Tarde da noite, a mansão Drumond dormia em silêncio, exceto pelo sussurro abafado que escapava por trás da porta do escritório, onde luzes tênues ainda filtravam pelas frestas.

Lucila andava descalça, os passos leves pelo tapete do corredor ecoando apenas no compasso de seu coração inquieto. Apesar do cansaço pelo jantar de aniversário que sua família ofereceu, ela não conseguia conciliar o sono.

Isso porque ele não veio. Vitório não apareceu em mais um de seus aniversários, e isso afundava seu coração em tristeza. Com os dezoito anos recém-completados, esperava que aquela noite ainda trouxesse algum presente, talvez uma ligação dele, ou alguma mensagem.

Mas não recebeu nenhuma coisa e nem outra. E agora ela vagava pela casa, porque simplesmente não conseguia parar de pensar na ausência de Vitório.

Mas aqueles sussurros, a conversa na calada da noite a deteve. Antes de seguir para o seu quarto, ela se deteve do lado de fora do escritório de seu pai.  Encostou-se na porta, hesitante, o ouvido colado à madeira polida.

O pai falava em tom grave, com aquele timbre autoritário que fazia até as paredes respeitarem. A mãe, por outro lado, parecia tensa, a voz entrecortada por preocupações mal disfarçadas.

— Ícaro está segurando a Acrópole de forma impressionante — dizia Hermes Drumond, seu pai. — Mas não sei por quanto tempo vai durar. Essa pressão, essa crise… temo pelo que pode acontecer. É melhor aceitarmos o acordo. Já estamos vinculados a essa sociedade de qualquer forma. Será uma estratégia infalível.
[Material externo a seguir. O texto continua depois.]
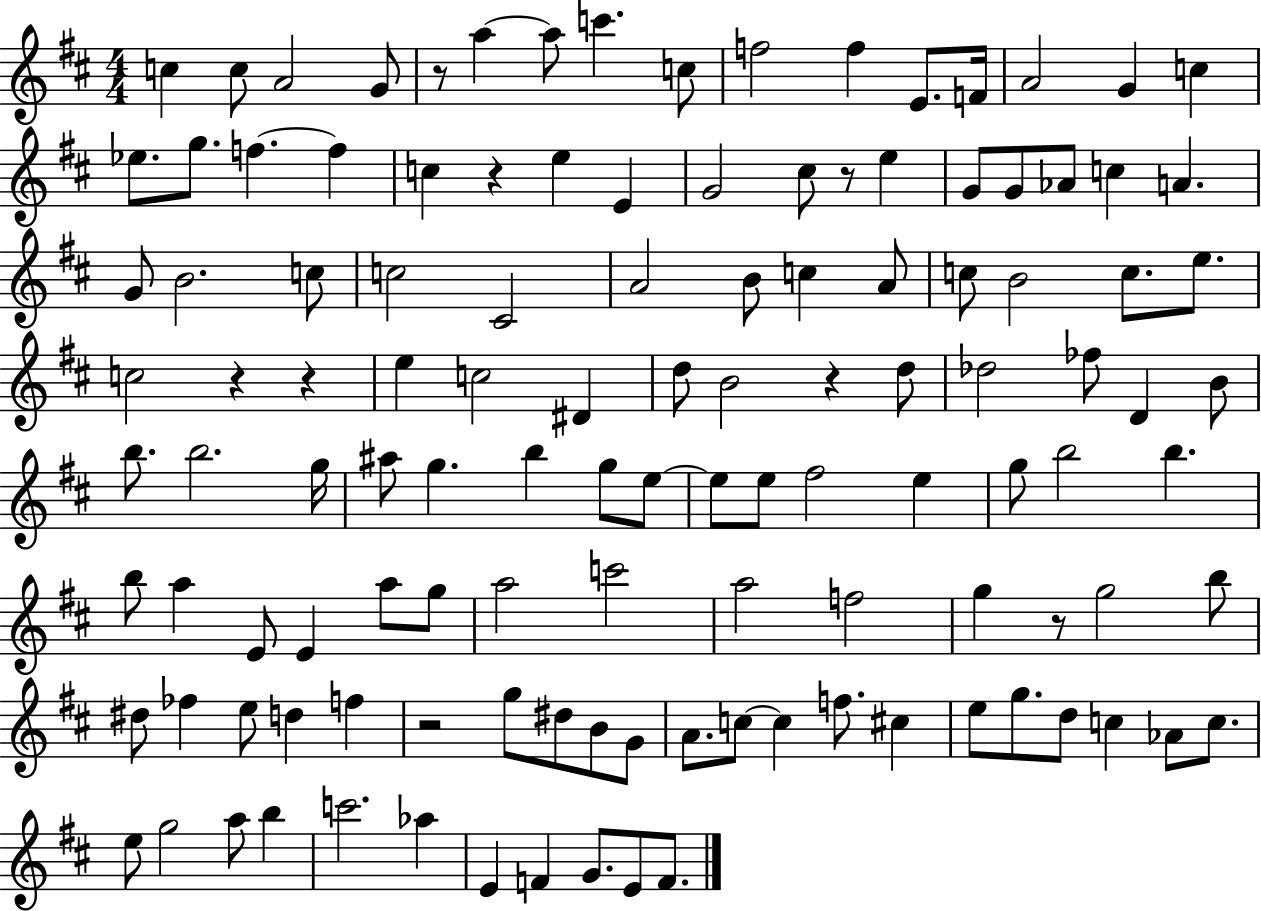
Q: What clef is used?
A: treble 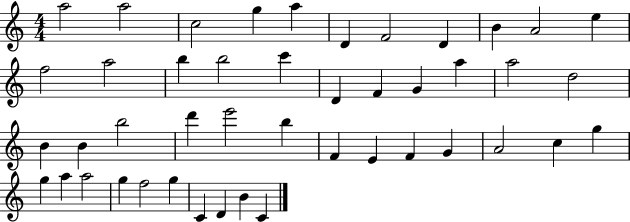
{
  \clef treble
  \numericTimeSignature
  \time 4/4
  \key c \major
  a''2 a''2 | c''2 g''4 a''4 | d'4 f'2 d'4 | b'4 a'2 e''4 | \break f''2 a''2 | b''4 b''2 c'''4 | d'4 f'4 g'4 a''4 | a''2 d''2 | \break b'4 b'4 b''2 | d'''4 e'''2 b''4 | f'4 e'4 f'4 g'4 | a'2 c''4 g''4 | \break g''4 a''4 a''2 | g''4 f''2 g''4 | c'4 d'4 b'4 c'4 | \bar "|."
} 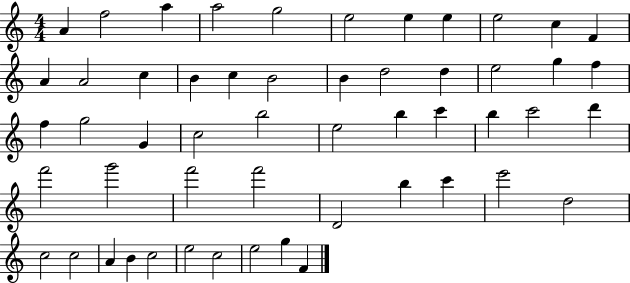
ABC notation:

X:1
T:Untitled
M:4/4
L:1/4
K:C
A f2 a a2 g2 e2 e e e2 c F A A2 c B c B2 B d2 d e2 g f f g2 G c2 b2 e2 b c' b c'2 d' f'2 g'2 f'2 f'2 D2 b c' e'2 d2 c2 c2 A B c2 e2 c2 e2 g F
— Não é uma fusão, Hermes, é uma aliança — rebateu Amanda Drumond, sua mãe. — E não podemos vender nossa filha como moeda de troca. Ícaro pode estar dando conta agora, mas isso é mérito dele, e como você mesmo disse, não há como saber até quando ele vai aguentar.

— Amanda, seja sensata, pelo menos uma vez na vida. O que Ícaro está fazendo é uma façanha, se quer saber. Ele é jovem e afiado, um visionário. Ele é brilhante… até mais do que o Otávio. E será um marido perfeito para a Lucila.

O coração de Lucila falhou uma batida. Marido? Do que eles estavam falando?

Por um segundo, ela não respirou. Depois, o ar voltou de forma violenta, afogando seus pulmões em uma angústia repentina. As palavras do pai ecoaram como uma sentença terrível, martelando sua mente com peso insuportável.

Marido. Lucila e Ícaro. Casamento.

As lágrimas vieram antes mesmo que pudesse reprimi-las. Escorreram silenciosas, quentes, deslizando pelo rosto como se carregassem consigo todos os sonhos de liberdade, de escolha, de viver o seu primeiro amor.

Por mais que amasse Ícaro, por mais que tivesse crescido ao lado dele, rindo de suas piadas, confiando em seu cuidado, ela nunca o viu como homem. Ele era seu irmão de coração. O seu melhor amigo. O amparo que encontrou nesse mundo tão cruel e sem cores. O porto seguro que a vida lhe deu em meio à dor.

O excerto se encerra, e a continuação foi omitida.